RECORDS SHOWN:
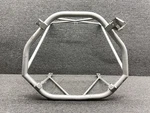 60-910023-69 Lycoming TIO-541-E1C4 Beech B60 Engine Mount Assembly. Fixed Price $560.00.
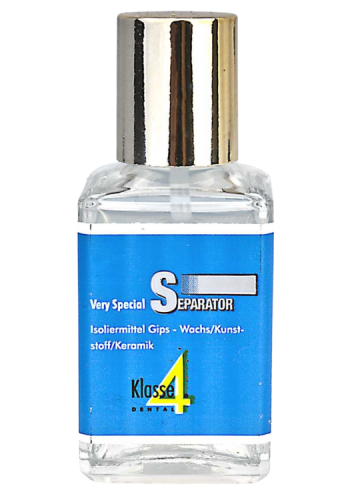 Izolator gipsu - wosk Glasflasche 28 g.png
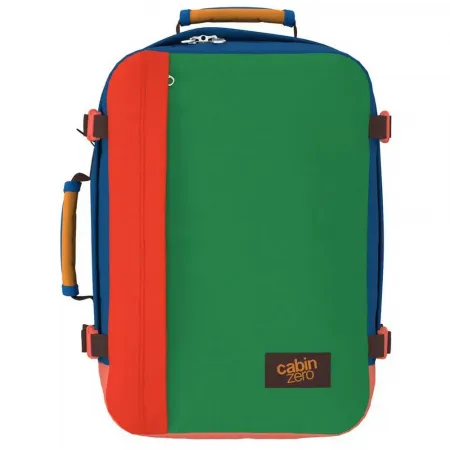 캐빈제로 클래식 36l ultra light 배낭 141468810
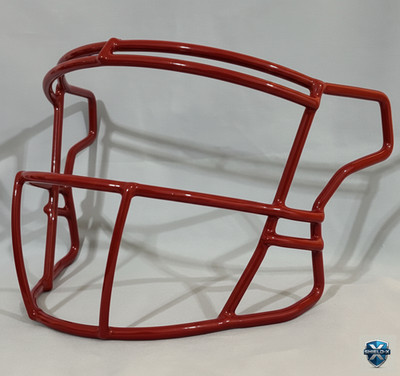Custom Speed Flex Facemask SF 2BD SW  - YOU CHOOSE THE COLOR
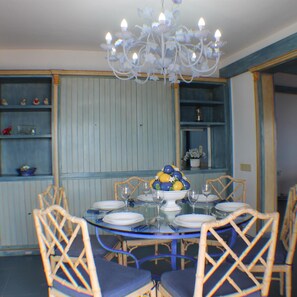 Apartment | 3 bedrooms - Avenida 5A in Roses With 3 Bedrooms and 2 Bathrooms (Roses)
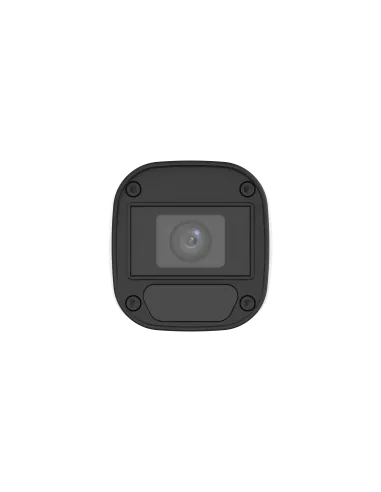 UNV 2MP Fixed IR Bullet Analog Camera | UN-UAC-B112-F28-X UNV 2MP Fixed IR Bullet Analog Camera | UN-UAC-B112-F28-X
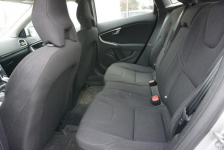 Volvo V40 zarejestrowany, ubezpieczony Opole - zdjęcie 12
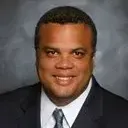 Attorney Headshot
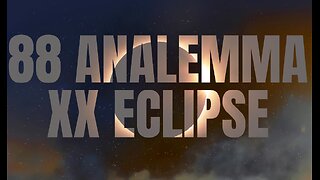 "Eclipse XX Update" & "Wind Walker Ranch Video Reviews" @TheSupernatural.Show
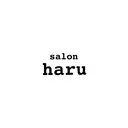 haru ⭐︎のプロフィール画像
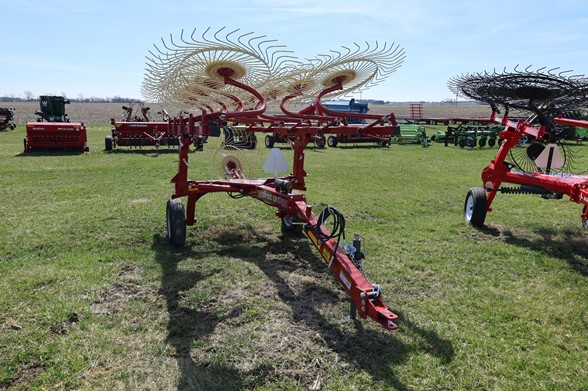 2025-SITREX-QR10-75681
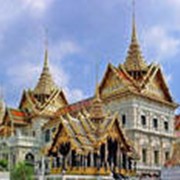 Путешествие ’Таиланд’. Новые предложения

TASK STATEMENT: Pictures aside, reproduce all of the data exactly.

TASK SOLUTION:
 60-910023-69 Lycoming TIO-541-E1C4 Beech B60 Engine Mount Assembly. Fixed Price $560.00.
 Izolator gipsu - wosk Glasflasche 28 g.png
 캐빈제로 클래식 36l ultra light 배낭 141468810
Custom Speed Flex Facemask SF 2BD SW  - YOU CHOOSE THE COLOR
 Apartment | 3 bedrooms - Avenida 5A in Roses With 3 Bedrooms and 2 Bathrooms (Roses)
 UNV 2MP Fixed IR Bullet Analog Camera | UN-UAC-B112-F28-X UNV 2MP Fixed IR Bullet Analog Camera | UN-UAC-B112-F28-X
 Volvo V40 zarejestrowany, ubezpieczony Opole - zdjęcie 12
 Attorney Headshot
 "Eclipse XX Update" & "Wind Walker Ranch Video Reviews" @TheSupernatural.Show
 haru ⭐︎のプロフィール画像
 2025-SITREX-QR10-75681
 Путешествие ’Таиланд’. Новые предложения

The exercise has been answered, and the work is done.